Growing up in the middle of LosAngeles I didn’t have any form of nature in my immediate surroundings to appreciate. I knew such places existed, but they were far. Very far… I knew about nature. I had seen it in books, and movies. But there wasn’t any of it around unless I traveled a few miles to the nearest overcrowded beach, which didn’t satisfy the longing to be in a place of nature. There were nearby parks, and favorite trees that I liked to climb. I knew all of the local building managers as a result, because they would always yell at me for climbing their trees. As fun as these places were, they didn’t satisfy my thirst for nature either.
Given our growing population, I imagine that your experience is going to become rare. And mine more common. We live in a nation where voting is how we make decisions. Given how huge our world population is becoming, and how many people will grow up as I have, with no contact with nature. How are we going to cast our vote concerning such issues? I grew up in a world with company slogans and products tell us that bugs and wildlife are bad. We’ve been groomed since children that nature is a place where people don’t live. And things like dirt and bugs do not belong with us unless they’ve been domesticated.

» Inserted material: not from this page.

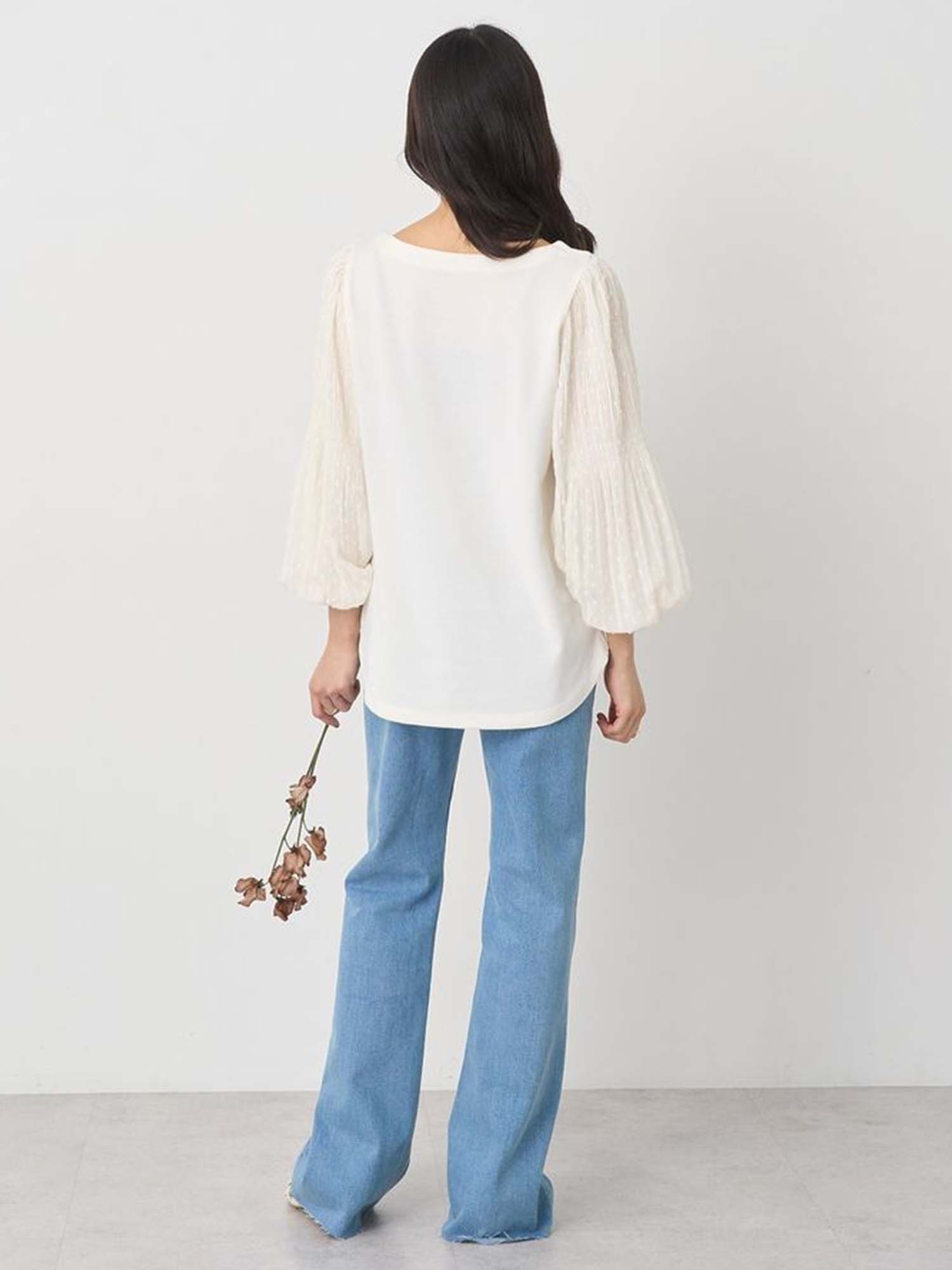 Moji Pleated Sleeve Blouse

It wasn’t until I was a teen when I took a trip to another state did I see how dark the natural unlit night could be. There were just miles and miles of absolutely nothing. I liked it. But that’s unique to me, I liked nature regardless of where I grew up. But is that true for everyone? We don’t see nature, we don’t gain an appreciation of it, we don’t grow a connection with it and don’t know the situation that there is less and less of it year by year as we grow our city lines further into the vast empty wilderness.
Where I’m living currently is an upper class neighborhood. Each street ends in a cul-de-sac surrounded by nature. There are carved in trails and washes through the nature that surrounds the area. I’m living right next door to desert wildlife. I walked outside to take a break between classes, and a humming bird flew within inches of me as if it were normal. But this type of environment is a luxury and reserved for the wealthy.
If there’s going to be any solution to living in harmony with nature, there needs to be new established rules regarding city development where everyone can live in such an environment. Or even development with current cities to move nature back in. I don’t imagine there is going to be a great deal of support. If there were a general vote asking if people preferred living near nature or in the city, I’d imagine the statistics to show that the people who grew up outside of nature would continue to want to live away from it. And over time those statistics will continue to rise as more and more people grow up without having had such a connection.
I just hope the conversation turns into solutions. Not for the sake of future generations. But because I’d like to live in such a place too.